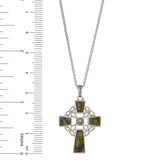 Celtic Cross Pendant Silver With Connemara Marble on 18" Silver Chain
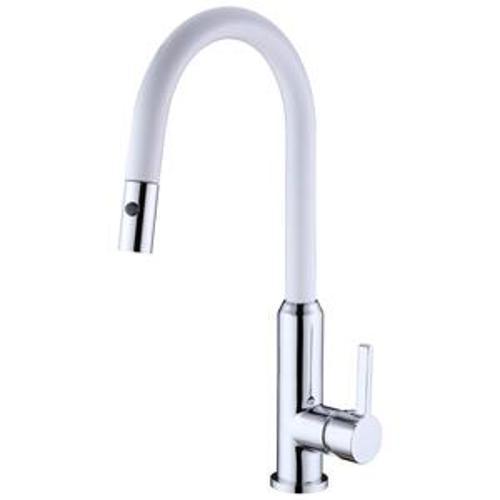 Pearl Pull Out Sink Mixer Chrome White With Vegie Spray Function - Nero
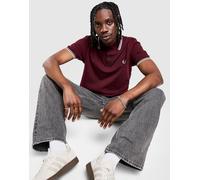 Mens Fred Perry Maglia Polo Twin Tipped - Rosso, rosso XXL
────
→ Problem requirements: Please return exactly the lines from the one containing "Pearl Pull Out" through the end of the material above, both ends included, but not the pictures.

→ Output below:
 Pearl Pull Out Sink Mixer Chrome White With Vegie Spray Function - Nero
 Mens Fred Perry Maglia Polo Twin Tipped - Rosso, rosso XXL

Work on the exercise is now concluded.